▸ **SOURCE DATA**
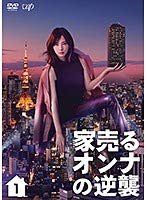 【中古】家売るオンナの逆襲 全5巻セット【レンタル落ち】|オマツリライフ別館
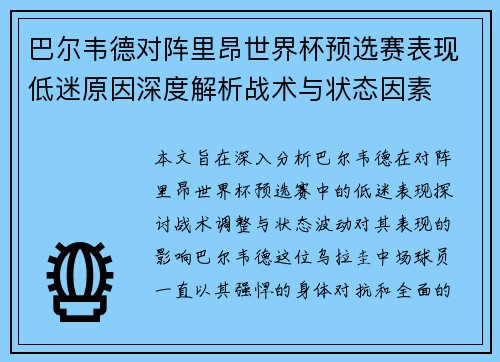 巴尔韦德对阵里昂世界杯预选赛表现低迷原因深度解析战术与状态因素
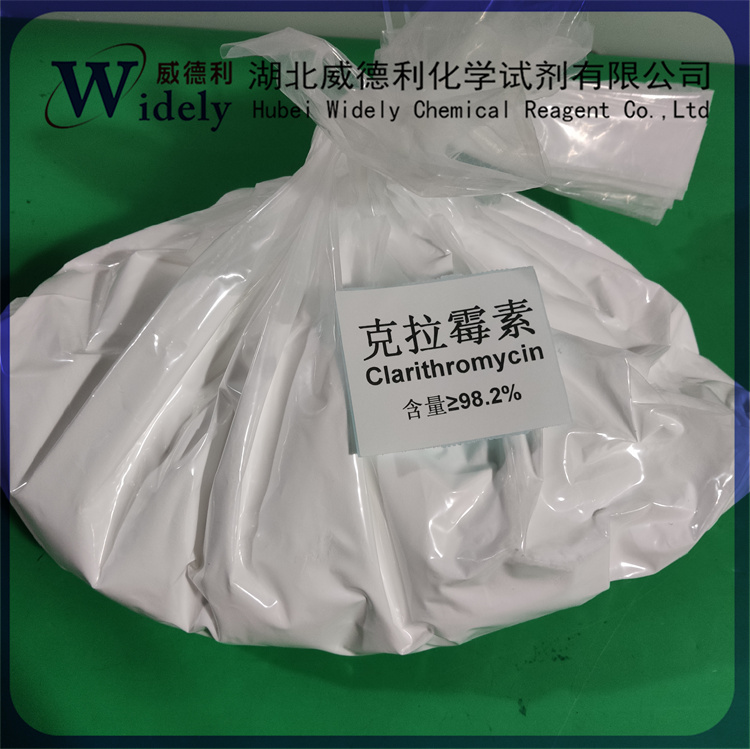 克拉霉素 81103-11-9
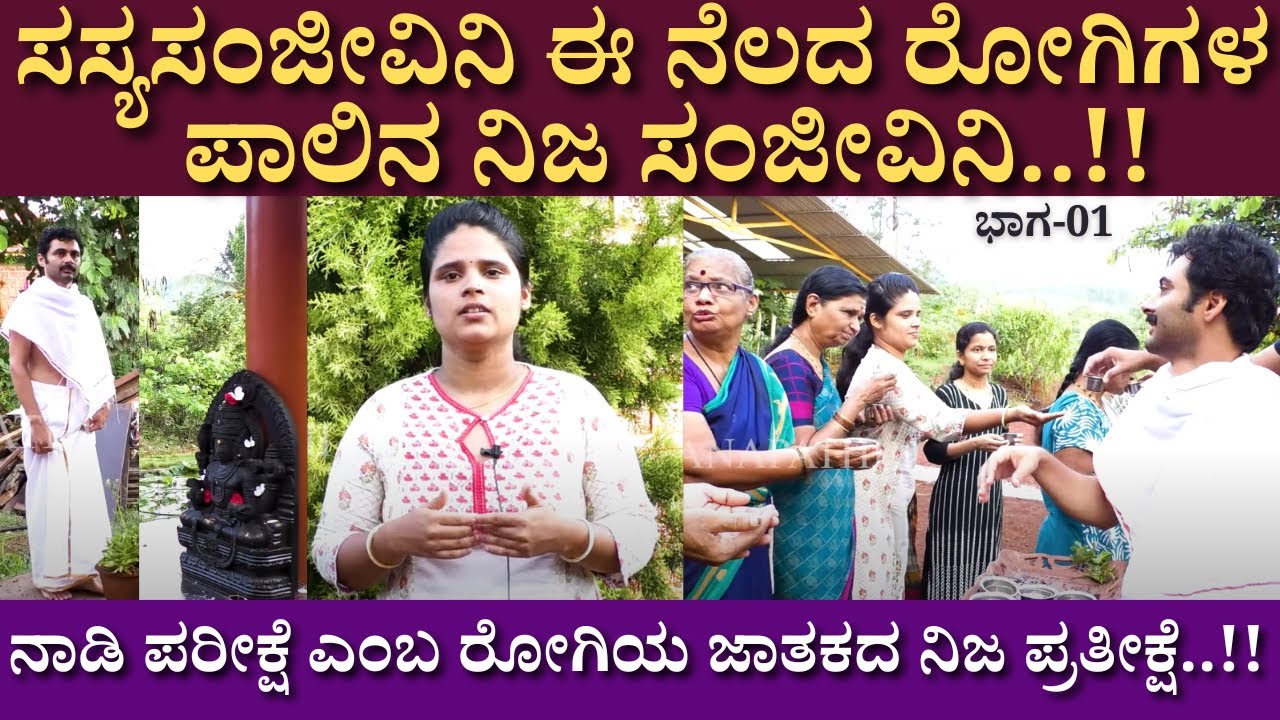 ಸಸ್ಯಸಂಜೀವಿನಿ ಈ ನೆಲದ ರೋಗಿಗಳ ಪಾಲಿನ ನಿಜ ಸಂಜೀವಿನಿ..!! | Ayurveda | Gokarna | Sasya Sanjeevini | new 01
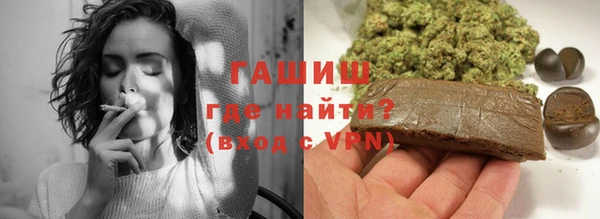 соль ск Коряжма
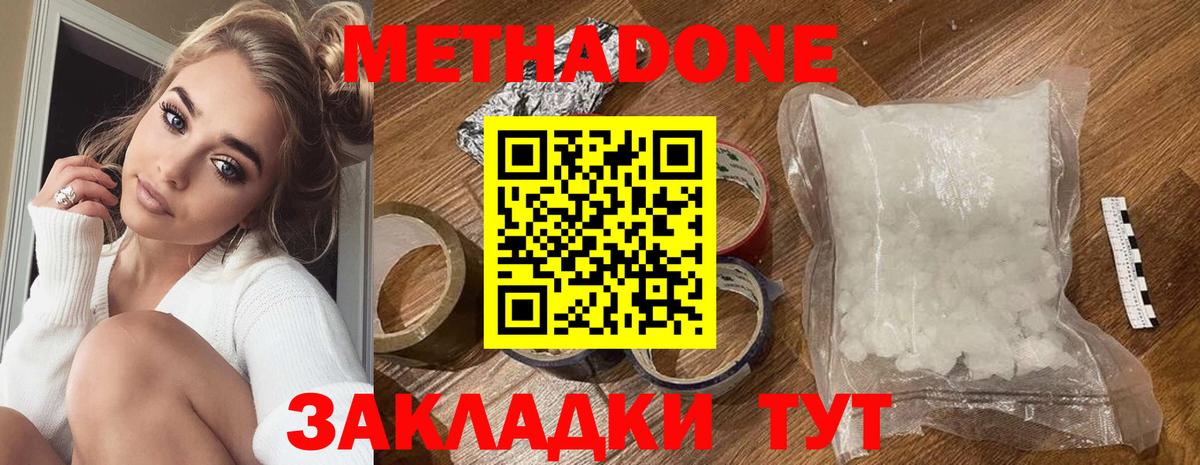 Метадон мёд Заволжье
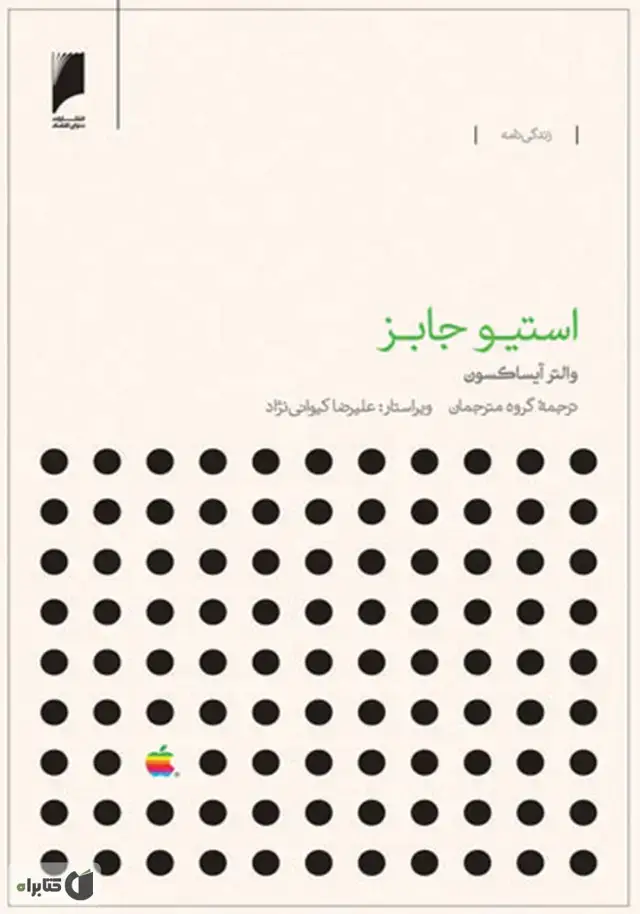 جلد کتاب استیو جابز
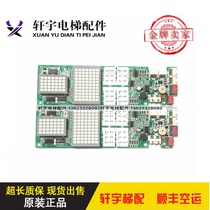 Fuji Da Elevator Electronic Board Exhoration Display Board IN103C 103B New Original Factory Original Installation Spot Sale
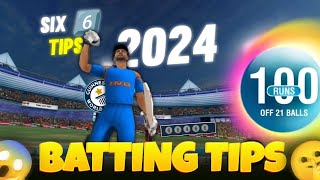 Wcc2 Batting Tips 2024 Latest Six Tips  Wcc2 Perfect Timing  Wcc2 Six Tips  Wcc2 Batting Tips [upl. by Drannek]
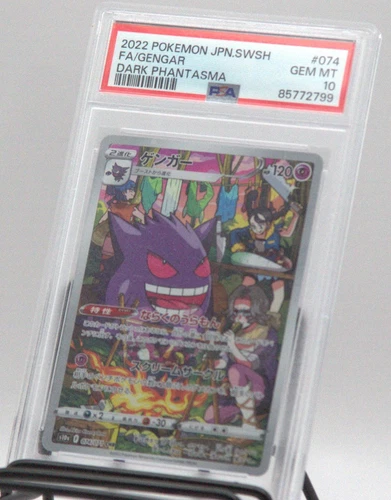 Gengar 074/071 S10a: Dark Phantasma Holo (Jpn.) PSA Graded 10 Gem Mint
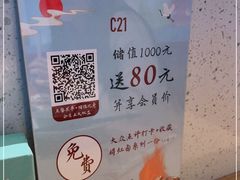 -蜜桃餐厅·伴山(绿宝广场店)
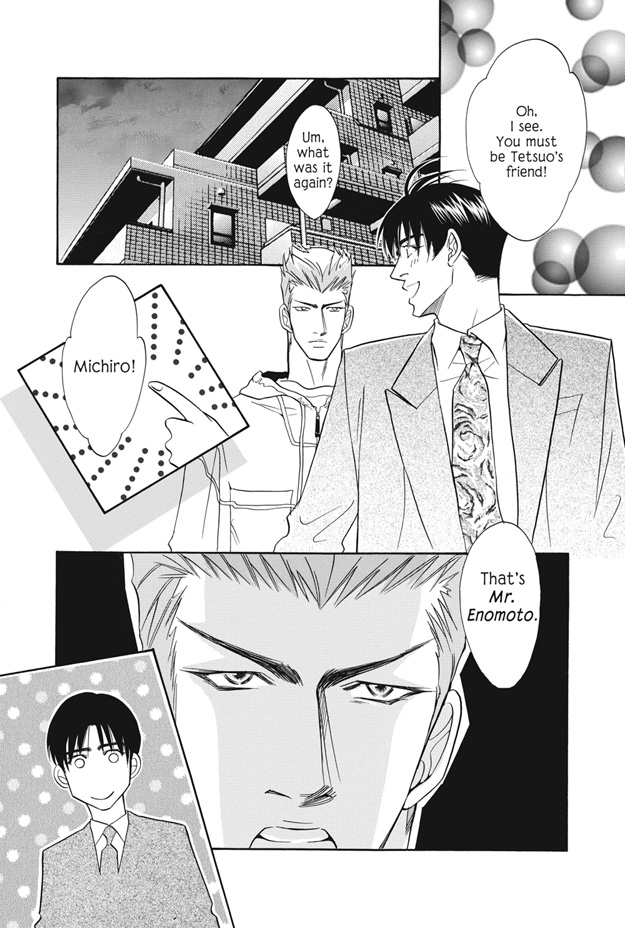 Deki no Ii Kiss, Warui Kiss Vol. 1 Ch. 4 第26页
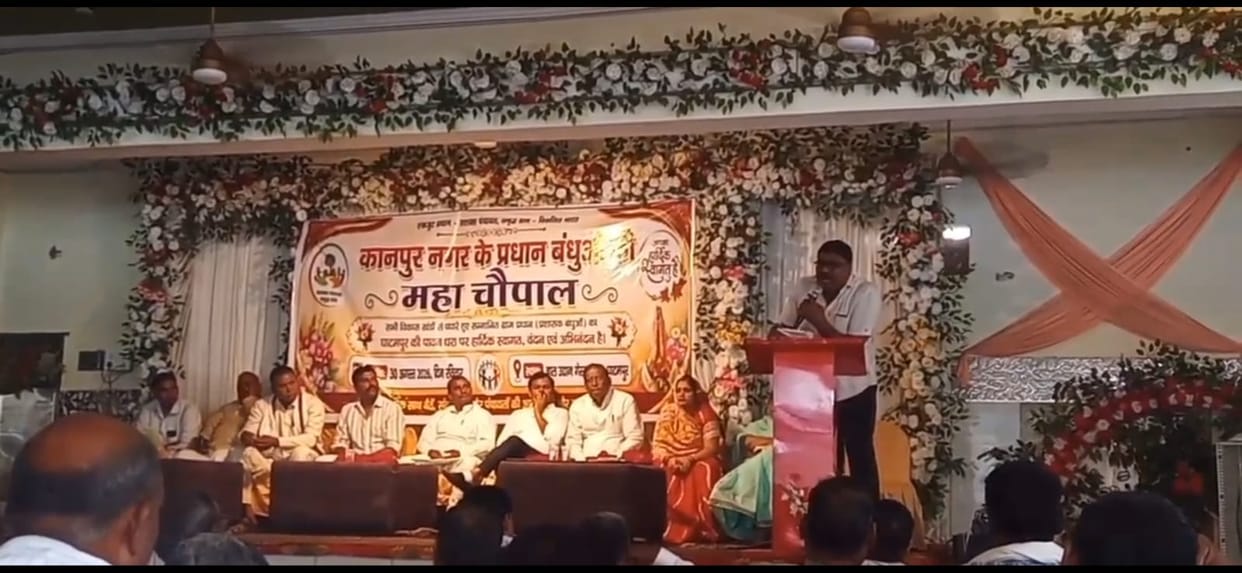 Kanpur: Village Heads Raise Voice for Rights at Mahachaupal, Warn of Mass Resignation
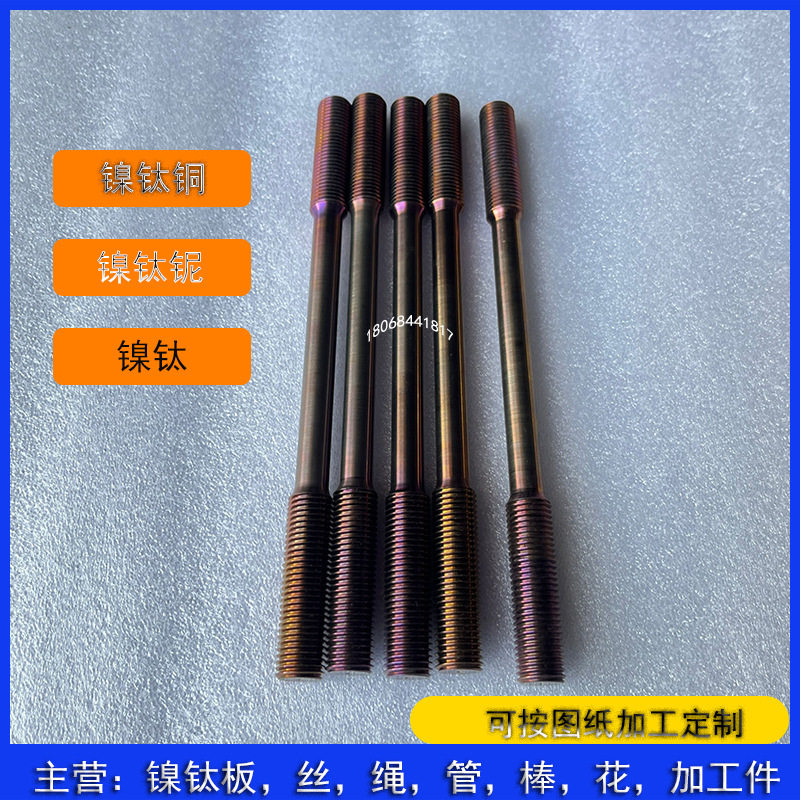 镍钛单程记忆合金棒超弹镍钛铌螺纹杆镍钛铜双层记忆合金丝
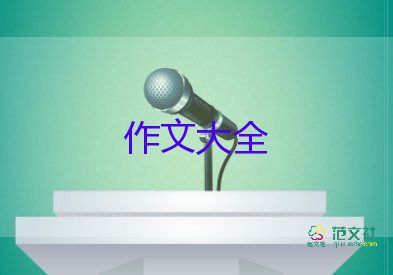 精選通用關(guān)于我的未來(lái)不是夢(mèng)作文8篇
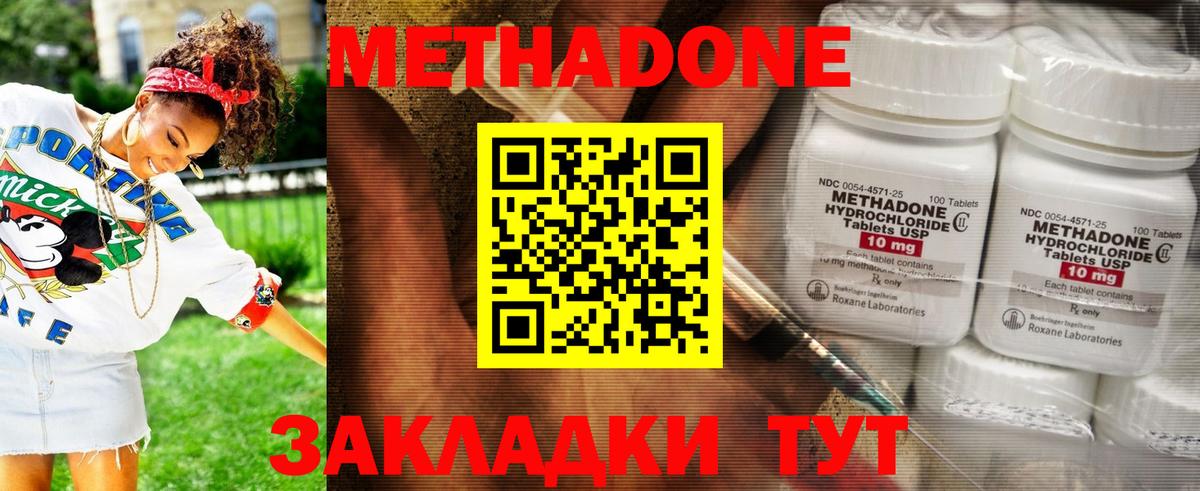 Касимов  МЕТАДОН кристалл  МЕТАДОН methadone  блэк спрут маркетплейс  Вход с VPN 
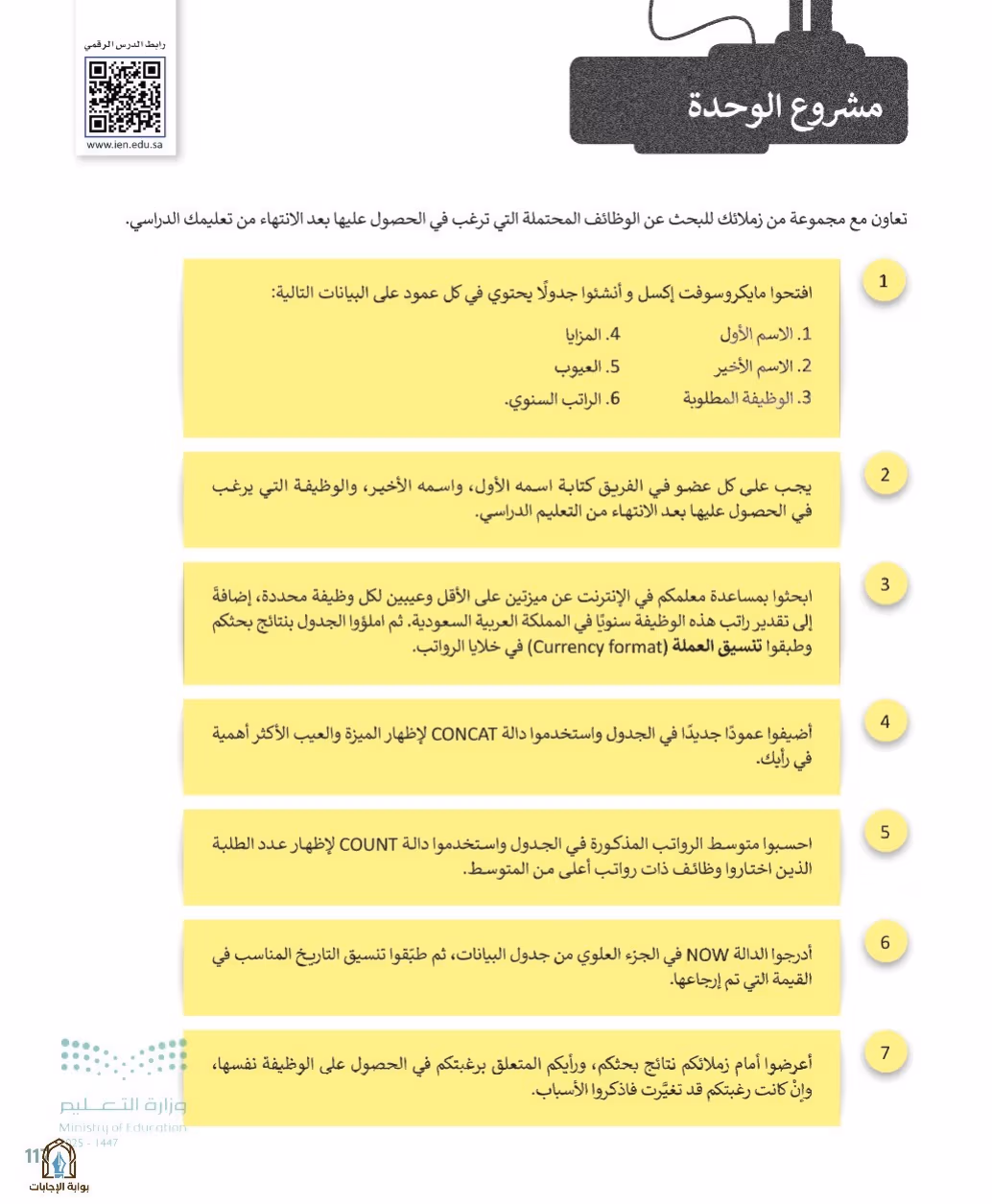 صفحة 119
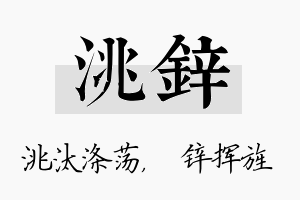 洮锌名字的寓意及含义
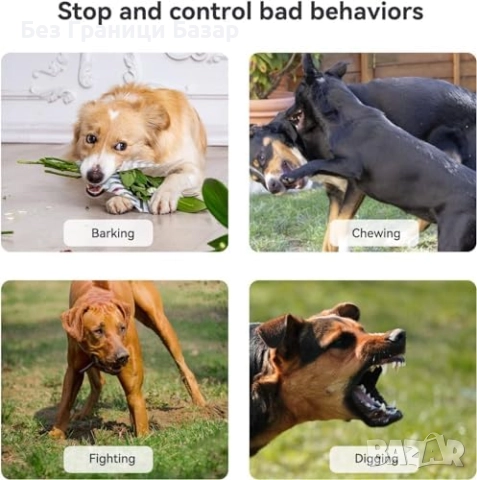 Нов Анти-лай ултразвуков уред за кучета – вътрешно и външно ползване, снимка 6 - За кучета - 52380430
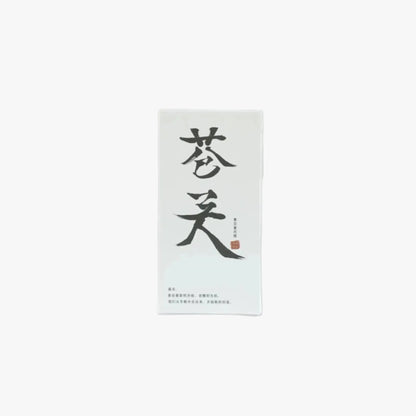 Spring Awakening incense on white background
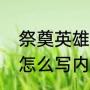 祭奠英雄寄语（家长对缅怀先烈寄语怎么写内容）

▸ **HOW TO COMPLETE THIS TASK**
Nothing should appear in the answer except the lines from the first line of the data through the line holding "Fuji Da Elevator", exactly as written, with pictures left out.

▸ **RESPONSE**
 【中古】家売るオンナの逆襲 全5巻セット【レンタル落ち】|オマツリライフ別館
 巴尔韦德对阵里昂世界杯预选赛表现低迷原因深度解析战术与状态因素
 克拉霉素 81103-11-9
 ಸಸ್ಯಸಂಜೀವಿನಿ ಈ ನೆಲದ ರೋಗಿಗಳ ಪಾಲಿನ ನಿಜ ಸಂಜೀವಿನಿ..!! | Ayurveda | Gokarna | Sasya Sanjeevini | new 01
 соль ск Коряжма
 Метадон мёд Заволжье
 جلد کتاب استیو جابز
 Fuji Da Elevator Electronic Board Exhoration Display Board IN103C 103B New Original Factory Original Installation Spot Sale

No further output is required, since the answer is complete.